On the morning of the execution the prisoner would be brought breakfast, given a glass of spirits (traditionally rum) and receive a visit from the prison chaplain. Shortly before 8 am, the executioners and witnesses to the execution would gather outside the condemned cell. As the clock struck eight, the witnesses would proceed into the execution cell, while the executioners would enter the condemned cell. The prisoner would be sitting at the table in the cell, with his back to the door from the corridor. He would be asked to stand, and the executioner would pinion his arms behind his back with a leather strap around the elbows. He would ask the prisoner to follow him, and lead the way through the double doors into the execution room which had been opened by the prison officers as he entered the cell. Within a few steps, the prisoner would be standing on the centre of the trap. The executioner would fit the noose around his neck, with the eyelet under the left angle of his jaw, and put the hood (a plain white cloth bag, lined with black material to make it opaque) over his head – his assistant meanwhile, was fitting another leather strap around the prisoners ankles. As soon as the hood was in place, the executioner would step to one side and operate the lever to drop the prisoner through the trap.

After a few minutes, a doctor who was one of the witnesses would go down the flight of stairs into the room below, test the hanged man’s heartbeat and pronounce him dead. The body was left to hang for another hour to ensure extinction of life.

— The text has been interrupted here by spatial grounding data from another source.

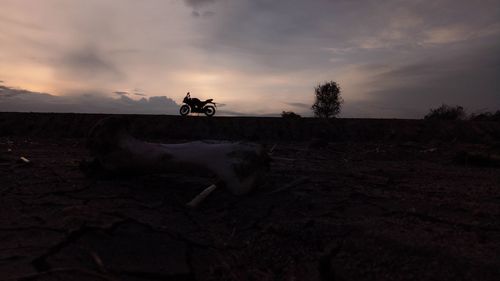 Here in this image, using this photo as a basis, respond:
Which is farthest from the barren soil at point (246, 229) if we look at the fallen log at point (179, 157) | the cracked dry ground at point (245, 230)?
the fallen log at point (179, 157)

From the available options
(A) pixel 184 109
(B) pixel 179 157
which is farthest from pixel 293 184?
(A) pixel 184 109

While thirty seconds from leaving the cell to being pronounced dead sounds improbable (I doubt the doctor would be in that much of a rush, and it would probably take longer than thirty seconds to ensure the lack of a heartbeat using a stethoscope), the whole process was indeed very quick. Thirty seconds from the executioner entering the condemned cell to the prisoner dropping through the trap would probably be normal, but there were occasions when it took less than ten.

Well, according to this link the fastest British hanging was seven seconds between leaving the cell and being pronounced dead by Albert Pierrepoint in 1951.

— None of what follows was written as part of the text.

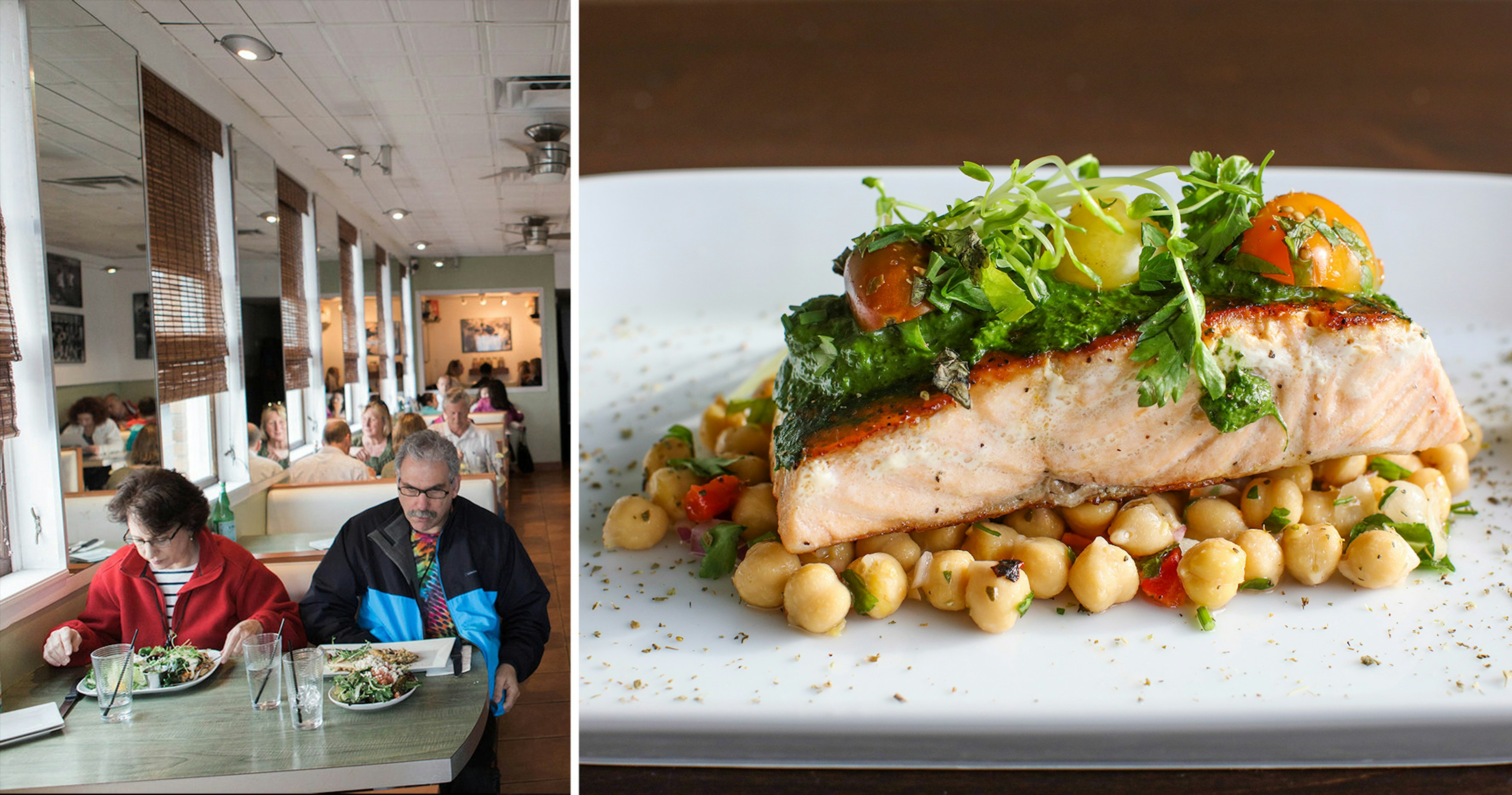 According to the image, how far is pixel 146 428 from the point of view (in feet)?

Yes, well – I suspect that the article is inaccurate in that respect. Other accounts of that execution give the timing as seven seconds from Pierrepoint entering the cell to the opening of the trap, which is fast enough, God knows. I believe this is the occasion when the prisoner was so prompt in following Pierrepoint that one of the prison officers remarked afterwards that he thought he was chasing him.

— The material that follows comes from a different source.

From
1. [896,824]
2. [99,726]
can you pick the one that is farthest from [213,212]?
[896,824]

All other accounts of executions that I’ve read time the execution from the entrance of the executioner into the condemned cell, rather than from the condemned man leaving it, and given that the official pronouncement of death was by a doctor who had to open the shirt of a corpse hanging by its neck from a rope, and then check with an old-fashioned stethoscope for the absence of a heartbeat, I doubt that it would be possible to pronounce the prisoner dead within seven seconds of first putting the stethoscope to his chest, never mind his leaving the cell.

It’s worth bearing in mind that while the drop and fast noose caused a fracture-dislocation of the cervical vertebrae (usually the second and third, or fourth and fifth) and ruptured the spinal cord, and that death (or at least unconsciousness) was reckoned to be virtually instantaneous, heart and lung action could apparently continue for up to fifteen minutes, and that death could not be officially pronounced until that time.

urgh A little queasy after reading all that…

I think the book title that some here were grasping for is Lord High Executioner: An Unashamed Look at Hangmen, Headsmen, and Their Kind by Howard Engle. I found it a fascinating, if somewhat creepy read.

I think I started a thread related to that, how in rather mundane accidents someone can be dead instantly but often planned executions can be such bloody drawn out affairs.

Well, not what I was grasping for. That book sounds creepy enough, but mine was much weirder, and was only about English executioners.